En bref, les sources invoquées par le GIEC pour la disparition des glaciers Alpins, Andins et Africains de 1900 à 2000, ne sont rien d'autre qu'une série de témoignages d'alpinistes encore vivants, qui, pour la plupart exercent leur art dans les Alpes et qui n'ont certainement pas connu ni les années 1900, ni même les années 1940-45....Enfin, les sources pour l'affirmation du GIEC sur la disparition des glaciers "en Afrique" sont inexistantes. Et pour cause, ils n 'osent plus trop évoquer le Kilimandjaro. On les comprend.
______________________________________________________________________________________________________________________

2. L'article scientifique sur la "fonte" des glaciers des Alpes suisses.

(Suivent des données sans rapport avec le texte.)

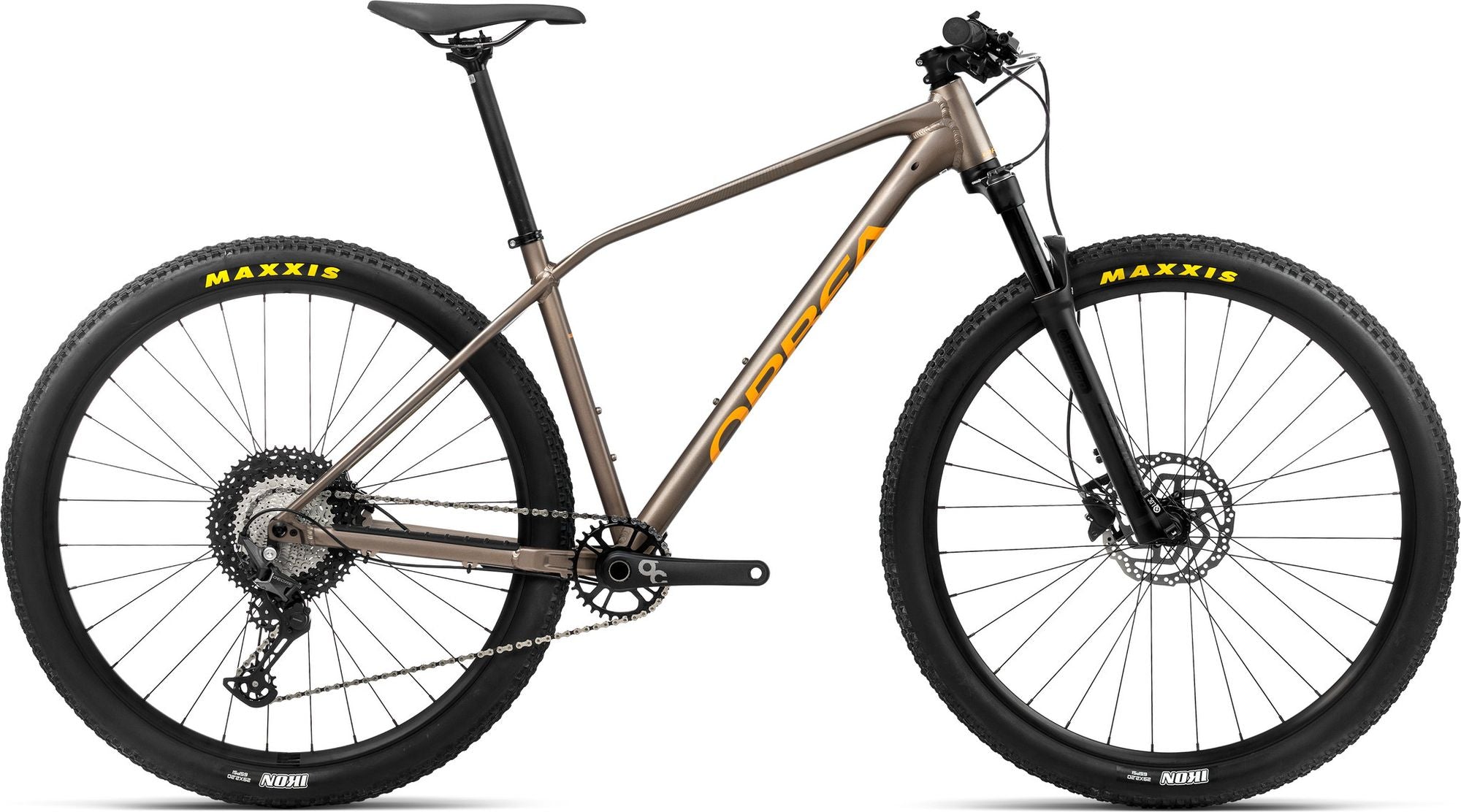 VTT Orbea Alma H30 Shimano 12V 29'' Marron Taupe Mango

Une équipe de chercheurs Suisses de Zurich et de Fribourg (M. Huss, M. Funk et A Ohmura) vient de publier un article dans les Geophysical Research Letters intitulé " Strong Alpine glacier melt in the 1940 due to enhanced solar radiation" (ref : Vol 36, L23501, doi : 10.1029/2009GL040789, 2009). Soit, en français : " Forte fonte des glaciers Alpins dans les années 1940 due à une forte irradiance solaire".. Voici le résumé en anglais puis en français :

"A 94-year time series of annual glacier melt at four high elevation sites in the European Alps is used to investigate the effect of global dimming and brightening of solar radiation on glacier mass balance. Snow and ice melt was stronger in the 1940s than in recent years, in spite of significantly higher air temperatures in the present decade. An inner Alpine radiation record shows that in the 1940sglobal shortwave radiation over the summer months was 8% above the long-term average and significantly higher than today, favoring rapid glacier mass loss. Dimming of solar radiation from the 1950s until the 1980s is in line with reduced melt rates and advancing glaciers."

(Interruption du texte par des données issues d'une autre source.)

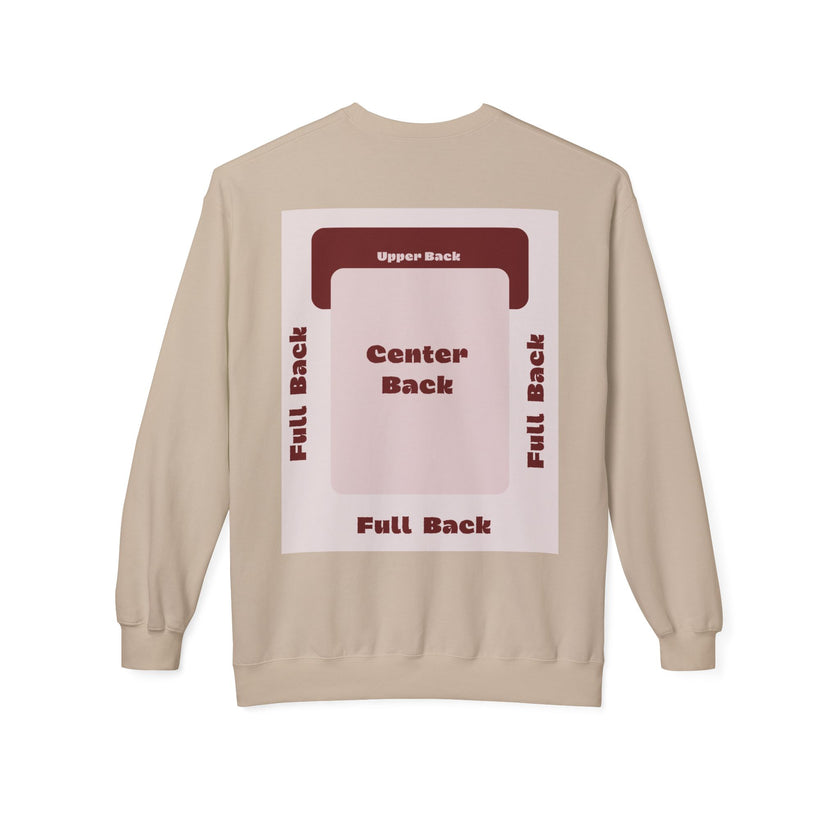 Customizable Gildan SF000 Unisex Midweight Crewneck Sweatshirt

Résumé en français : " Une série, sur 94 ans, de mesures annuelles de la fonte des glaciers situés à quatre hautes altitudes dans les Alpes Européennes est utilisée pour étudier les effets de l'obscurcissement et de l'augmentation de l'irradiance solaire sur le bilan massique des glaciers. La fonte de la neige et de la glace était plus importante dans les années 1940 que lors des années récentes, malgré une température de l'air plus élevée dans la présente décennie.huss3 Un enregistrement de l'irradiance mesurée au sein des Alpes montre que dans les années 1940, l'irradiance à courte longueur d'onde (NDT : dans le visible et l'UV par opposition avec l'infrarouge aux grandes longueurs d'onde) était de 8% au dessus de la moyenne à long terme et, de manière significative, plus élevée qu'aujourd'hui, favorisant ainsi la perte rapide de la masse des glaciers. L'affaiblissement de l'irradiance solaire depuis les années 1950 jusqu'aux années 1980 sont en accord avec les taux réduits de fonte et l'avance des glaciers." (Les caractères engraissés sont de l'auteur de ce site).

 

 

Les mesures collationnées par ces trois chercheurs suisses concernent les grands glaciers indiqués en grands caractères sur cette carte. Les mesure d'irradiance solaire proviennent essentiellement des bases de données de Davos et d'autres emplacements indiqués par des symboles rouges comme cela est indiqué dans la légende figurant dans le coin inférieur droit. Les taches bleues montrent la disposition des glaciers des Alpes Suisses. Les triangles bleus indiquent la position des stations météo.